What needs to be done
Reproduce each record exactly.

==== Supplied records ====

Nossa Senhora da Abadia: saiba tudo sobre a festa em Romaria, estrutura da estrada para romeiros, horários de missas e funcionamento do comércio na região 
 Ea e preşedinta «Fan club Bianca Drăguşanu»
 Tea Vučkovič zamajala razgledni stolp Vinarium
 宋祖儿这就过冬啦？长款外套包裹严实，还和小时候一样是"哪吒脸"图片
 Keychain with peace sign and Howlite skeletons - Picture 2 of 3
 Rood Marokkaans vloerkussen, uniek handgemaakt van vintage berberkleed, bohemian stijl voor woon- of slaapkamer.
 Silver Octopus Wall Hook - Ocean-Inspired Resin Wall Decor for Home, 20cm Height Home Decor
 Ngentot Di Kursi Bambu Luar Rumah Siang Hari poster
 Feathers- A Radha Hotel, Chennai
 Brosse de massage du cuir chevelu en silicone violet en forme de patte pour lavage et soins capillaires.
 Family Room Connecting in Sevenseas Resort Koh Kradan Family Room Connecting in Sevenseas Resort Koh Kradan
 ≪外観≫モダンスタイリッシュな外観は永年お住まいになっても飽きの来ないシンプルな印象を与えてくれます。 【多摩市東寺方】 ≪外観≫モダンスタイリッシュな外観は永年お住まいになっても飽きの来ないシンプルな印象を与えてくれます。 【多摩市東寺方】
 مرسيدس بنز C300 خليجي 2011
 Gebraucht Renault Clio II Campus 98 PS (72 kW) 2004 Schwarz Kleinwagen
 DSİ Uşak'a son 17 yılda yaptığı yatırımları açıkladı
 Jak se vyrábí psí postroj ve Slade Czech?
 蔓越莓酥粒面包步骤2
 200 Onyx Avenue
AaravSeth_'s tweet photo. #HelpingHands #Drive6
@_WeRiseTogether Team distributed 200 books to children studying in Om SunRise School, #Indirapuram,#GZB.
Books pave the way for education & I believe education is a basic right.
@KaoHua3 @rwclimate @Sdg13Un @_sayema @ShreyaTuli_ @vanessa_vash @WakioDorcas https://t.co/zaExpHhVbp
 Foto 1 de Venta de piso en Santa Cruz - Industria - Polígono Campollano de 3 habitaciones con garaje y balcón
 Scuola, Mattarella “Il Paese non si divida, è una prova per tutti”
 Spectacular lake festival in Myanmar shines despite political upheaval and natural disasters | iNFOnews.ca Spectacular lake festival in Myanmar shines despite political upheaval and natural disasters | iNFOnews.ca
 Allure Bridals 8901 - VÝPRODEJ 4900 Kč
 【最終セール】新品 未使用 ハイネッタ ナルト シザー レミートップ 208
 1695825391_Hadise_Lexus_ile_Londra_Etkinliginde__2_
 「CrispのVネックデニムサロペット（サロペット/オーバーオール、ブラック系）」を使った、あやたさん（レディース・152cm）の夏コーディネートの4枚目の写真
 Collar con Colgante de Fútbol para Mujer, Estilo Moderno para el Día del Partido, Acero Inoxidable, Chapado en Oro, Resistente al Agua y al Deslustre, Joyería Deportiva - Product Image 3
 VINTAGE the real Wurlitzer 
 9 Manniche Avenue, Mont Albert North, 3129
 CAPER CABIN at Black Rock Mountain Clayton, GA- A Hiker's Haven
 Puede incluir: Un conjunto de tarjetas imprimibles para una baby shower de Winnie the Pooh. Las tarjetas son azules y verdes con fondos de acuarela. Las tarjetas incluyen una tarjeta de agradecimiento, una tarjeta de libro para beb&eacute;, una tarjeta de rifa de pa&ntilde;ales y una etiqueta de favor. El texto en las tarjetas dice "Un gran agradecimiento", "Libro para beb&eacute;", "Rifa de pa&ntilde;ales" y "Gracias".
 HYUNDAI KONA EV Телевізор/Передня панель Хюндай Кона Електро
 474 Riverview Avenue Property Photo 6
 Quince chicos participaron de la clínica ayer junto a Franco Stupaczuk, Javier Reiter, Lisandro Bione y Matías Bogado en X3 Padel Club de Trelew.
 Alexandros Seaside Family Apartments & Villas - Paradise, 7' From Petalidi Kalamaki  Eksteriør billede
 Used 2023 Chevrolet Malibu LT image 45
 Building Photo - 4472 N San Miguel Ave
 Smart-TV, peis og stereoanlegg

====

Exercise result
Nossa Senhora da Abadia: saiba tudo sobre a festa em Romaria, estrutura da estrada para romeiros, horários de missas e funcionamento do comércio na região 
 Ea e preşedinta «Fan club Bianca Drăguşanu»
 Tea Vučkovič zamajala razgledni stolp Vinarium
 宋祖儿这就过冬啦？长款外套包裹严实，还和小时候一样是"哪吒脸"图片
 Keychain with peace sign and Howlite skeletons - Picture 2 of 3
 Rood Marokkaans vloerkussen, uniek handgemaakt van vintage berberkleed, bohemian stijl voor woon- of slaapkamer.
 Silver Octopus Wall Hook - Ocean-Inspired Resin Wall Decor for Home, 20cm Height Home Decor
 Ngentot Di Kursi Bambu Luar Rumah Siang Hari poster
 Feathers- A Radha Hotel, Chennai
 Brosse de massage du cuir chevelu en silicone violet en forme de patte pour lavage et soins capillaires.
 Family Room Connecting in Sevenseas Resort Koh Kradan Family Room Connecting in Sevenseas Resort Koh Kradan
 ≪外観≫モダンスタイリッシュな外観は永年お住まいになっても飽きの来ないシンプルな印象を与えてくれます。 【多摩市東寺方】 ≪外観≫モダンスタイリッシュな外観は永年お住まいになっても飽きの来ないシンプルな印象を与えてくれます。 【多摩市東寺方】
 مرسيدس بنز C300 خليجي 2011
 Gebraucht Renault Clio II Campus 98 PS (72 kW) 2004 Schwarz Kleinwagen
 DSİ Uşak'a son 17 yılda yaptığı yatırımları açıkladı
 Jak se vyrábí psí postroj ve Slade Czech?
 蔓越莓酥粒面包步骤2
 200 Onyx Avenue
AaravSeth_'s tweet photo. #HelpingHands #Drive6
@_WeRiseTogether Team distributed 200 books to children studying in Om SunRise School, #Indirapuram,#GZB.
Books pave the way for education & I believe education is a basic right.
@KaoHua3 @rwclimate @Sdg13Un @_sayema @ShreyaTuli_ @vanessa_vash @WakioDorcas https://t.co/zaExpHhVbp
 Foto 1 de Venta de piso en Santa Cruz - Industria - Polígono Campollano de 3 habitaciones con garaje y balcón
 Scuola, Mattarella “Il Paese non si divida, è una prova per tutti”
 Spectacular lake festival in Myanmar shines despite political upheaval and natural disasters | iNFOnews.ca Spectacular lake festival in Myanmar shines despite political upheaval and natural disasters | iNFOnews.ca
 Allure Bridals 8901 - VÝPRODEJ 4900 Kč
 【最終セール】新品 未使用 ハイネッタ ナルト シザー レミートップ 208
 1695825391_Hadise_Lexus_ile_Londra_Etkinliginde__2_
 「CrispのVネックデニムサロペット（サロペット/オーバーオール、ブラック系）」を使った、あやたさん（レディース・152cm）の夏コーディネートの4枚目の写真
 Collar con Colgante de Fútbol para Mujer, Estilo Moderno para el Día del Partido, Acero Inoxidable, Chapado en Oro, Resistente al Agua y al Deslustre, Joyería Deportiva - Product Image 3
 VINTAGE the real Wurlitzer 
 9 Manniche Avenue, Mont Albert North, 3129
 CAPER CABIN at Black Rock Mountain Clayton, GA- A Hiker's Haven
 Puede incluir: Un conjunto de tarjetas imprimibles para una baby shower de Winnie the Pooh. Las tarjetas son azules y verdes con fondos de acuarela. Las tarjetas incluyen una tarjeta de agradecimiento, una tarjeta de libro para beb&eacute;, una tarjeta de rifa de pa&ntilde;ales y una etiqueta de favor. El texto en las tarjetas dice "Un gran agradecimiento", "Libro para beb&eacute;", "Rifa de pa&ntilde;ales" y "Gracias".
 HYUNDAI KONA EV Телевізор/Передня панель Хюндай Кона Електро
 474 Riverview Avenue Property Photo 6
 Quince chicos participaron de la clínica ayer junto a Franco Stupaczuk, Javier Reiter, Lisandro Bione y Matías Bogado en X3 Padel Club de Trelew.
 Alexandros Seaside Family Apartments & Villas - Paradise, 7' From Petalidi Kalamaki  Eksteriør billede
 Used 2023 Chevrolet Malibu LT image 45
 Building Photo - 4472 N San Miguel Ave
 Smart-TV, peis og stereoanlegg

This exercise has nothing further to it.